• What to work on: What is needed is an exact copy of the lines in the listing below, from the one with "#PayAttention @EISUnion https://t.co/CowNkxWNEZ" up to and including the one with "Single Family Residence", with no other lines.

[Start of Attachment]

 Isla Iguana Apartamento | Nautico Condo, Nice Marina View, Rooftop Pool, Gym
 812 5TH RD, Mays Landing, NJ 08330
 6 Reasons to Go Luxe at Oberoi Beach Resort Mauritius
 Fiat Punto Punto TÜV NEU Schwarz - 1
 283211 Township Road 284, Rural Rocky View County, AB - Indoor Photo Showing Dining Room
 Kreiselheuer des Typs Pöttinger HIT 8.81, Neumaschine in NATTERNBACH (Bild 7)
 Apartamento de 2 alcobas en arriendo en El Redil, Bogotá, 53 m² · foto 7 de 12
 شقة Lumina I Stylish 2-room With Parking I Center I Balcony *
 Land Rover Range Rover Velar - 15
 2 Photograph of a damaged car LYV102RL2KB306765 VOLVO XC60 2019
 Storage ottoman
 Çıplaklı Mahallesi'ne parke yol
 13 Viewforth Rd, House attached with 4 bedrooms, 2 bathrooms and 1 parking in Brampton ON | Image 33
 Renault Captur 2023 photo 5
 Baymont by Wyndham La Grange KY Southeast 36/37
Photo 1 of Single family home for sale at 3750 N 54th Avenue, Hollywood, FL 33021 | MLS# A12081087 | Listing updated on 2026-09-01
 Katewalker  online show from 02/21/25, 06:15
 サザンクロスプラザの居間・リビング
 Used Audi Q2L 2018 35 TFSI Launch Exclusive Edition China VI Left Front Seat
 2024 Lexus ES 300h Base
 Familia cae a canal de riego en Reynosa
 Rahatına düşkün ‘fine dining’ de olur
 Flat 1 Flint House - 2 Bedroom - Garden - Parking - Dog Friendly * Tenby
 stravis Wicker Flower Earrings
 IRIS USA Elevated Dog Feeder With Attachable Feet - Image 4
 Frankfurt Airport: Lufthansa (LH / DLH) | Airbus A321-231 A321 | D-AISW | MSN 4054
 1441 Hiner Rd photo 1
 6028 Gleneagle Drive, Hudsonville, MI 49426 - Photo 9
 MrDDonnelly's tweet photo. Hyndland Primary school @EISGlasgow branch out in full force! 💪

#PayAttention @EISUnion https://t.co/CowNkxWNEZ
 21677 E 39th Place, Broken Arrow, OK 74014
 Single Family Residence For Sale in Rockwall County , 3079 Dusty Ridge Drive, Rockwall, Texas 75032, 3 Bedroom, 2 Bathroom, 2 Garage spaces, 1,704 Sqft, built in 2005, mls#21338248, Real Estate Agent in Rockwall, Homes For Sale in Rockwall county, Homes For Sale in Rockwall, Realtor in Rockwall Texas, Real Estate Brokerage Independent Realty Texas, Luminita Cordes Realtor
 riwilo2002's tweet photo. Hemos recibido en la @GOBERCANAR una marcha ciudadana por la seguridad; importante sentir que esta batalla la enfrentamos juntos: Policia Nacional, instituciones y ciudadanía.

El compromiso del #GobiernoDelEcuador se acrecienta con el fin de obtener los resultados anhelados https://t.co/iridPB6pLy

[End of Attachment]

• Task solution:
#PayAttention @EISUnion https://t.co/CowNkxWNEZ
 21677 E 39th Place, Broken Arrow, OK 74014
 Single Family Residence For Sale in Rockwall County , 3079 Dusty Ridge Drive, Rockwall, Texas 75032, 3 Bedroom, 2 Bathroom, 2 Garage spaces, 1,704 Sqft, built in 2005, mls#21338248, Real Estate Agent in Rockwall, Homes For Sale in Rockwall county, Homes For Sale in Rockwall, Realtor in Rockwall Texas, Real Estate Brokerage Independent Realty Texas, Luminita Cordes Realtor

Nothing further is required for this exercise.